Data Processing Techniques

Print

Learning Outcomes

The objective of this course is to familiarize students with: (a) learning access methods for large data volumes for various data formats, as well as scalable writing, (b) efficient data storage and retrieval with appropriate indexing techniques, (c) the design and implementation of data processing algorithms aiming at the development of efficient applications that manage data.

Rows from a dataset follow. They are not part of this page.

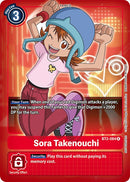 Sora Takenouchi [BT2-084] (Official Tournament Pack Vol.3) [Release Special Booster Promos] - Destination Retro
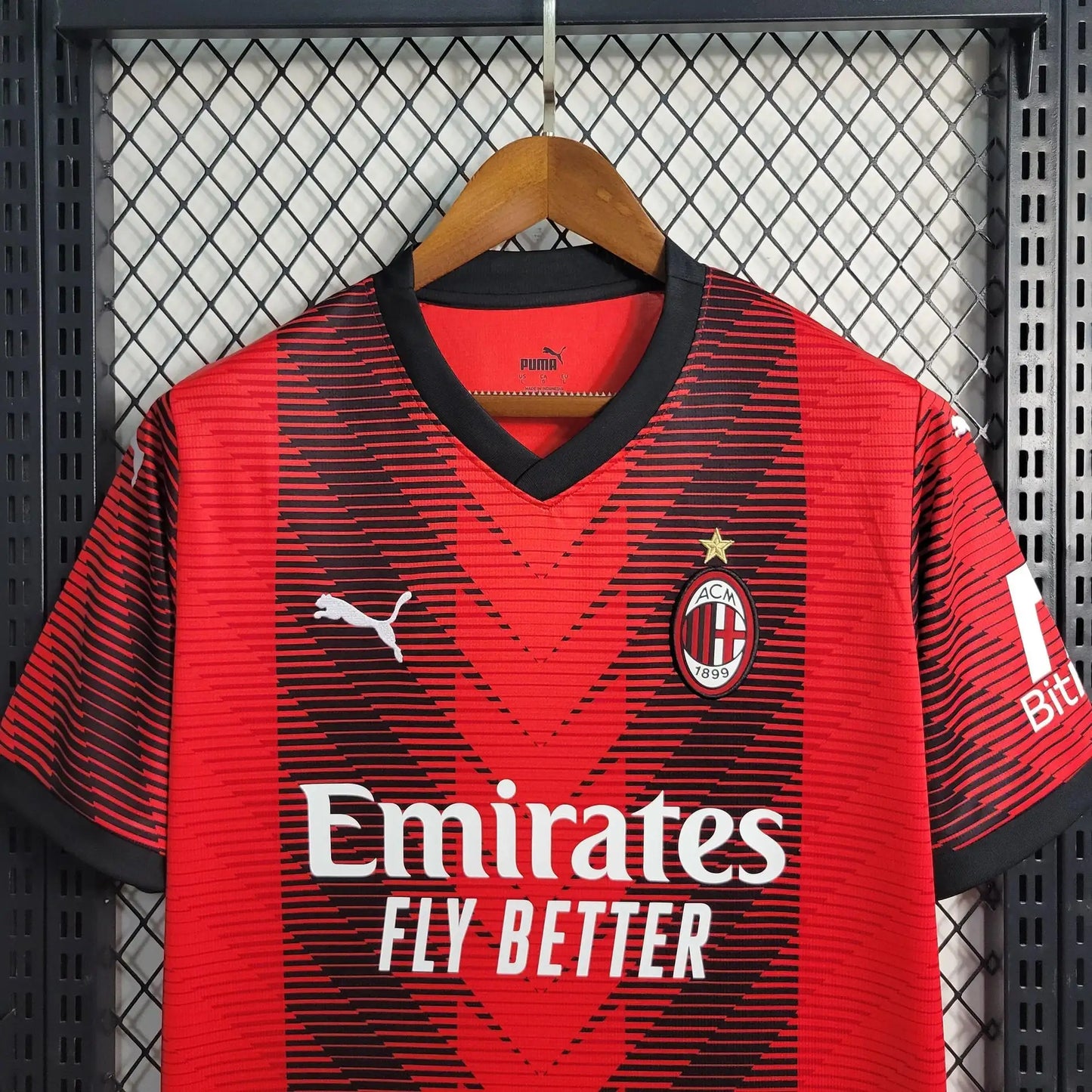 AC Milan 23/24 Home Jersey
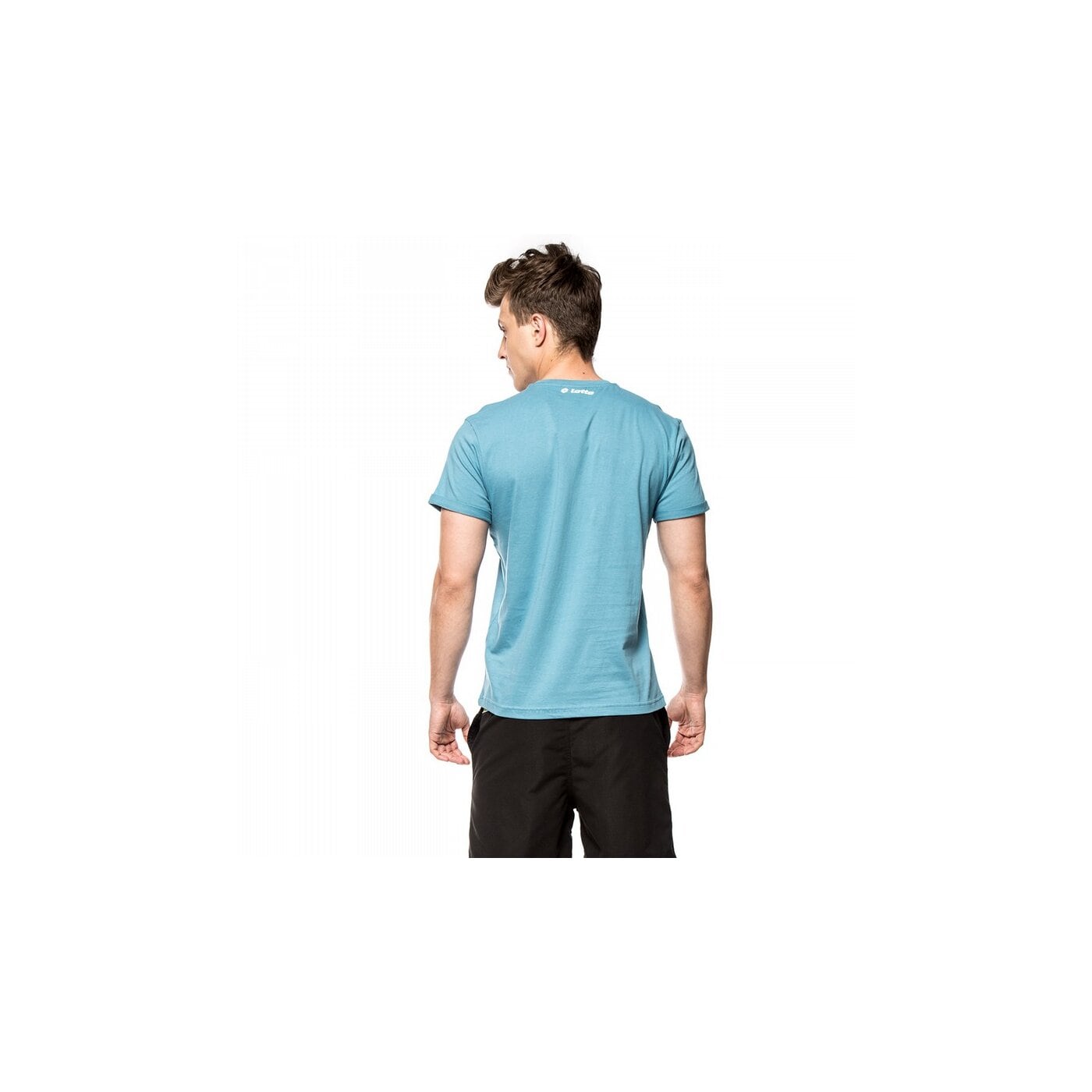 Koszulka męska LOTTO T-SHIRT MUNA lo16tsmpr063 kolor niebieski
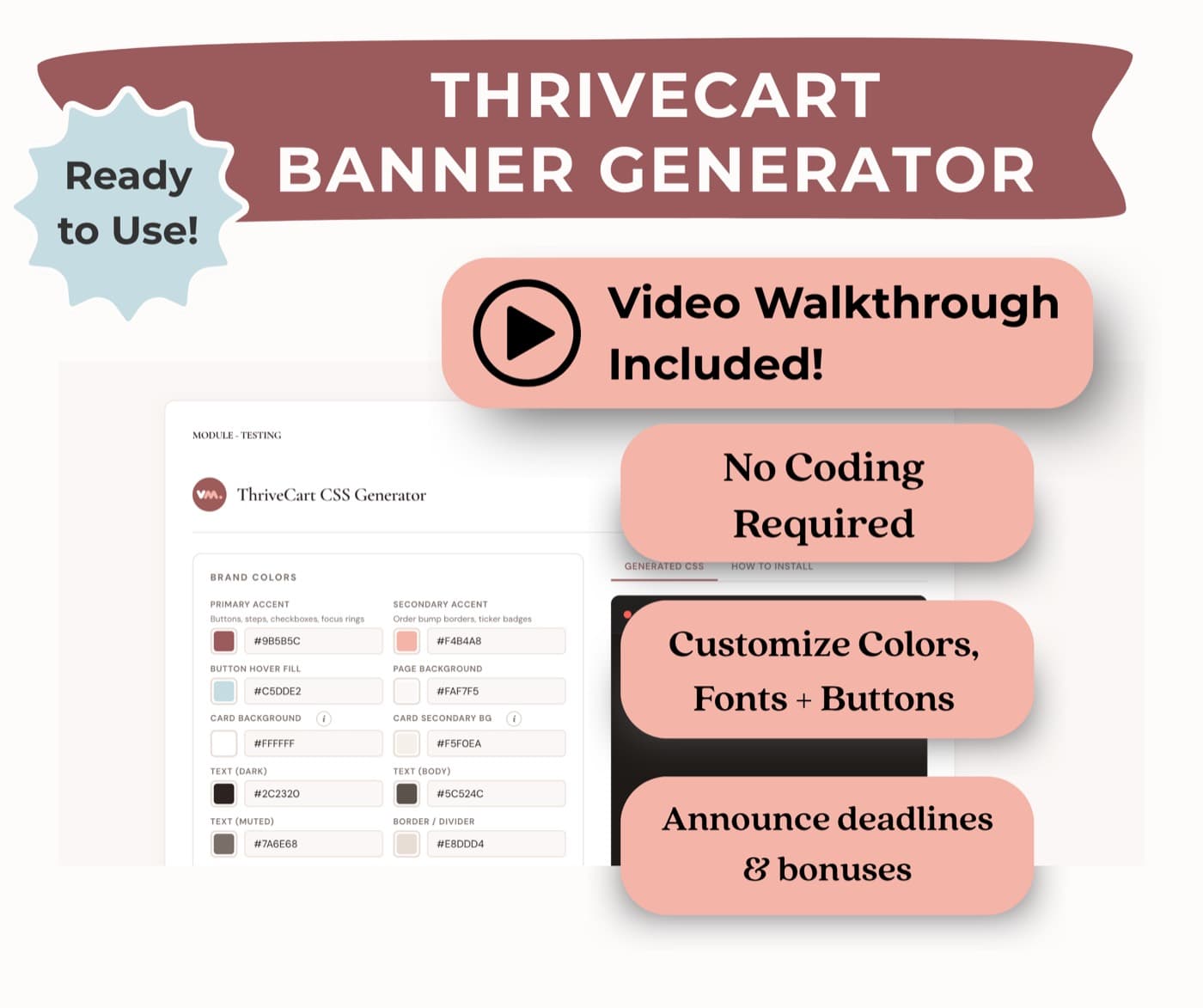Banner Generator cover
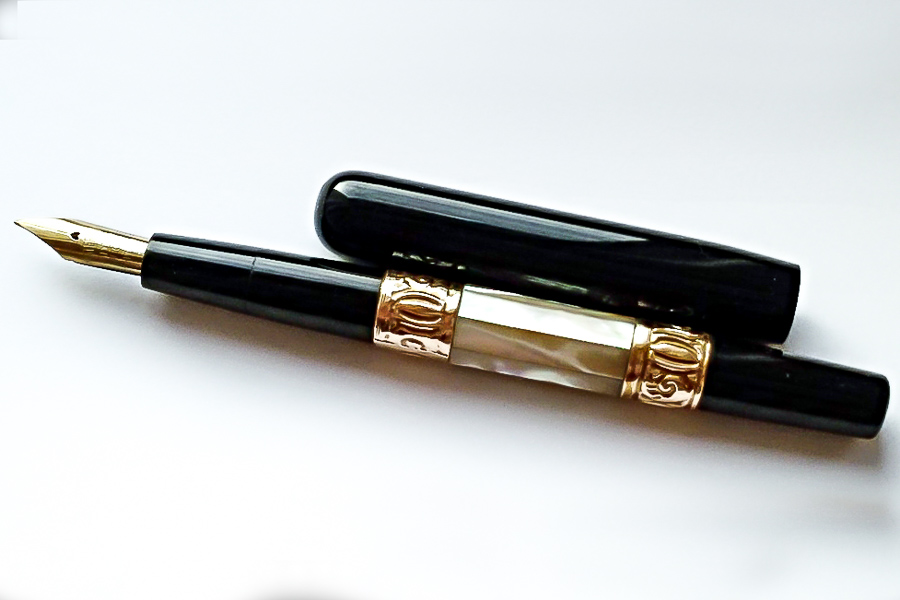 NoName Fountain Pen Mother of Pearl - After
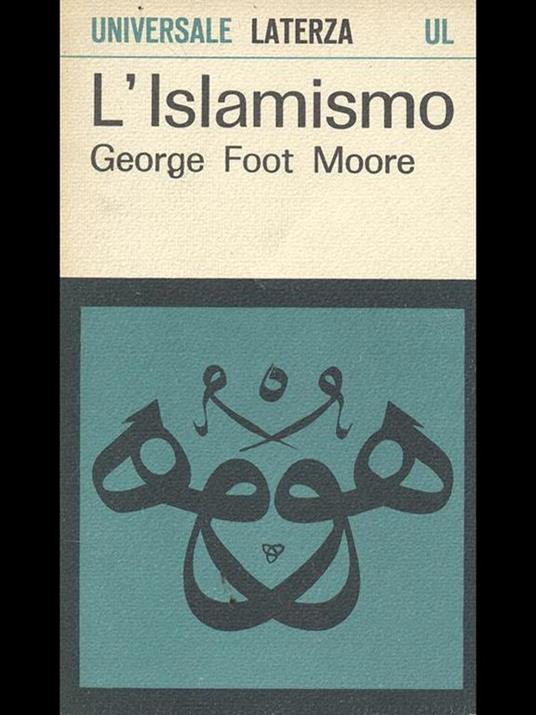 L' Islamismo - George F. Moore - copertina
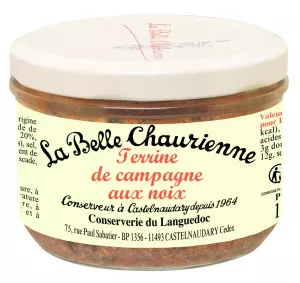 180g Nut Country Terrine - LA BELLE CHAURIENNE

Upon successful completion of the course, the students will be in position:

  • to develop data-centric applications with emphasis in efficiency and scalability
  • to use the most appropriate indexing methods for a given problem
  • to evaluate and improve the parts of data processing algorithms that incur high computational load
  • to apply the most suitable data processing techniques that match with data under analysis and for a given query workload
  • to develop efficient data processing algorithms

Course Contents

  • Operation of disk and main memory, serial and random access, cost and efficiency, data locality on disk and main-memory, direct and indirect access, main-memory data structures (arrays, priority queues, hashing)
  • Data access techniques for structured, semi-structured and unstructured data: relational DBs, XML, RDF, text documents, web pages, web APIs, social networks.
  • One-dimensional data and indexing, B-tree, variations (B+tree, B*tree), range queries, inverted indexes.
  • Spatial data, spatial data types, spatial queries, approximation in representation, distance measures, extensions for multidimensional data.
  • Spatial indexing techniques, grid file, spatial indexes (R-tree, QuadTree), space-filling curves (Hilbert, Z-order)
  • Similarity search, k-nearest neighbor search, branch-and-bound algorithms, locality sensitive hashing (LSH), approximate k-nearest neighbor.
  • Top-k search: algorithms based on pre-processing, online algorithms, Fagin’s algorithm, index-based algorithms.
  • Join queries, spatial joins, top-k joins.
  • Spatio-textual data, query types, indexing methods, processing algorithms.
  • Ramakrishnan R. & Gehrke J. (2002): Database Management Systems (3rd Edition), McGraw Hill.
  • N.Mamoulis (2011): Spatial Data Management, Synthesis Lectures on Data Management, Morgan & Claypool.